Man Cleared Of Double Murder Sues Chicago, Police
CHICAGO (AP) -- A Chicago man released from prison last year after serving 20 years for a double homicide filed a federal lawsuit Monday alleging that officers beat him into confessing to the crime and suppressed evidence that proved his innocence.
In the lawsuit against the city of Chicago and several police officers, Daniel Taylor, 38, alleges that police also coerced others into implicating him in the 1992 shooting deaths of two people in their North Side apartment.
Further, it alleges that after discovering Taylor could not have committed the slayings because he was in police custody on a disorderly conduct charge at the time they were committed, police "fabricated evidence" against him.
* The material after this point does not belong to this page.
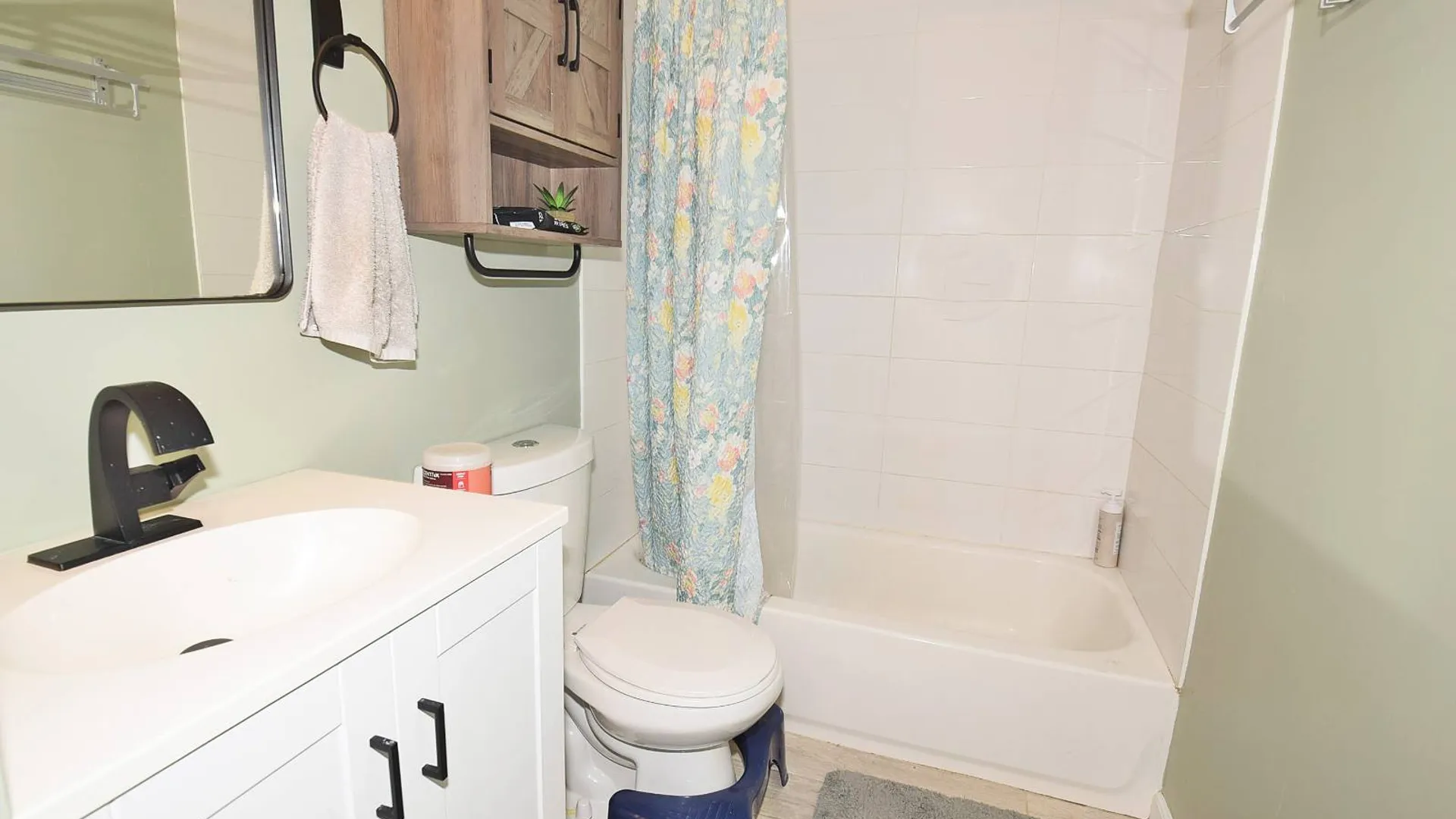 Property at 82 Fox Ct, Manorville, NY 11949 23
That evidence included, according to the lawsuit, falsifying a police report to include an encounter between Taylor and police outside one victim's apartment the night of the slayings at a time they already knew he was in police custody.
"Despite this evidence of Plaintiff's innocence, the Defendant Officers proceeded to frame Plaintiff for the murders rather than search for the real killer," reads the lawsuit.
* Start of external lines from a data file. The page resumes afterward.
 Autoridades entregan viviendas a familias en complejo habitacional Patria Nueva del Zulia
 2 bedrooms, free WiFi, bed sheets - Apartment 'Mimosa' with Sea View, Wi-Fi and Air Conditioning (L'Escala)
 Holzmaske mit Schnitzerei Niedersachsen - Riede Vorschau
The lawsuit comes months after prosecutors dismissed the charges against Taylor and a judge ordered him released from prison. Last month, prosecutors dismissed charges against his co-defendant, Deon Patrick, resulting in his release from prison after 21 years. And slightly more than a week ago, a Cook County judge issued certificates of innocence to both men.
The lawsuit is the latest chapter in a decades-long story of misconduct and physical abuse perpetrated by a group of Chicago police officers against largely black suspects for crimes they did not commit. Several have been exonerated and released from prison after serving years, and in some cases decades, in prison.
The city has paid out tens of millions of dollars to settle lawsuits, and a former commander, Jon Burge, is now in federal prison after being convicted of perjury in connection with testimony he gave in a civil case involving allegations of torture.
In December, a judge ordered a man who had spent 30 years in prison for a rape charge freed from prison, saying the officers had "lied" about the way they treated him. And in January, the same month that Patrick was released from prison, the City Council signed off on yet another settlement for a wrongfully convicted inmate, this one for $10.25 million to a man who spent 26 years behind bars for a murder he did not commit.
In Taylor's lawsuit, his attorneys allege that in their effort to frame Taylor, police withheld from prosecutors information that would have raised serious doubt about his guilt, including the existence of a man who had told investigators he and Taylor were in jail at the time of the crime. During the trial, prosecutors argued that the police lockup records were not accurate and that Taylor was not in custody at the time.
The lawsuit also alleges that information that would have helped clear Taylor was kept in secret "street files" that were not shared with defense attorneys or prosecutors.
Taylor was subsequently convicted of first-degree murder, armed robbery and home invasion and sentenced to life in prison.